В тот же день фламандская делегация, которая должна была заключить соглашение в Англии, получила свои инструкции. Филипп не подавал признаков понимания того, что выживание его страны зависит от английской поддержки. Делегаты получили инструкции предложить англичанам военный союз на суше и на море, но только на жестких условиях. Среди прочего, они должны были потребовать выдачи всех изгнанников, бежавших в Англию от новых правительств городов. Они должны были настаивать на вывозе английской шерсти не в Кале а в Брюгге на три года, а затем в место, назначенное Гентом. Наконец, они должны были потребовать выплаты не менее 140.000 фунтов стерлингов, которые фламандские города, как считалось, одолжили Эдуарду III в 1340 году во времена Якоба ван Артевелде. Диктаторская власть, явно, вскружила Филиппу голову. Через три дня после получения этого документа, 17 октября, фламандские делегаты отправились в Англию[668].

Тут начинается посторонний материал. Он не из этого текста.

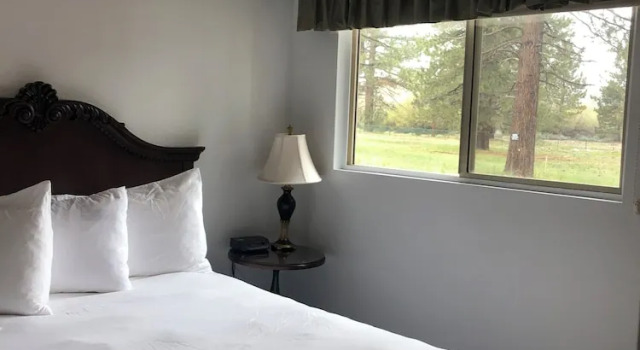 Двухместный номер Deluxe Bay Meadows Resort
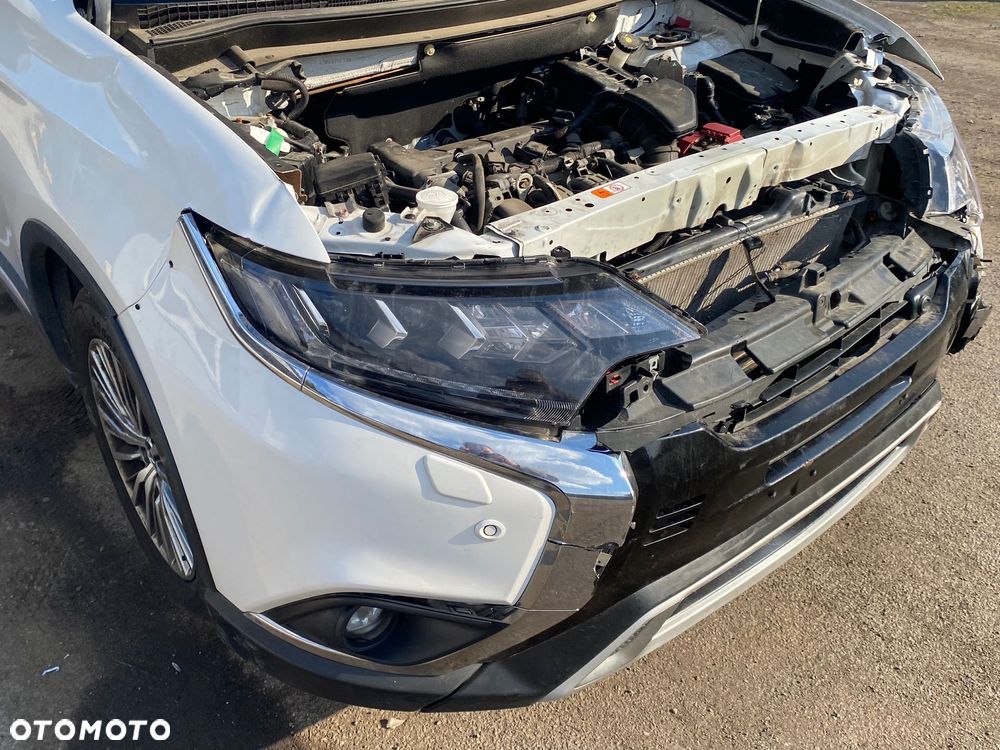 Mitsubishi Outlander - 8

Мнение во французском королевском Совете стремительно менялось против фламандцев. Между 5 и 10 октября 1382 года король покинул Монтаржи и отправился на север. На каком-то этапе до него, должно быть, дошли сообщения о событиях в Вестминстере, где английское правительство довольно открыто говорило о состоянии своих переговоров с Филиппом ван Артевелде. Примерно в середине октября двор достиг Компьеня, к северу от Парижа. Там и были получили резкие письма от Филиппа ван Артевелде. На этот раз в Совете, похоже, почти не было споров и наступление в Аквитании было отменено. Сбор армии был перенесен из Орлеана в Перон и Корби в северной Пикардии и назначен на конец октября. Для блокирования прохода войск из Англии вспомогательные силы были направлены в Теруан, в клин территории между Кале и каналом Аа, который обозначал западную границу Фландрии. Из осадной армии под Уденарде Филипп ван Артевелде бросил французам вызов. В письме советникам, находившимся в Турне, он заявил, что во Фландрии никогда не будет мира, пока граф пытается задушить торговлю Гента, удерживая гарнизоны на Шельде и если французская армия вторгнется, фламандцы разгромят ее, как они это делали раньше. Артевелде думал, как, возможно, и другие, о 1302 годе, о Битве шпор, когда ополчение фламандских городов уничтожило рыцарство Франции в битве при Куртре[669].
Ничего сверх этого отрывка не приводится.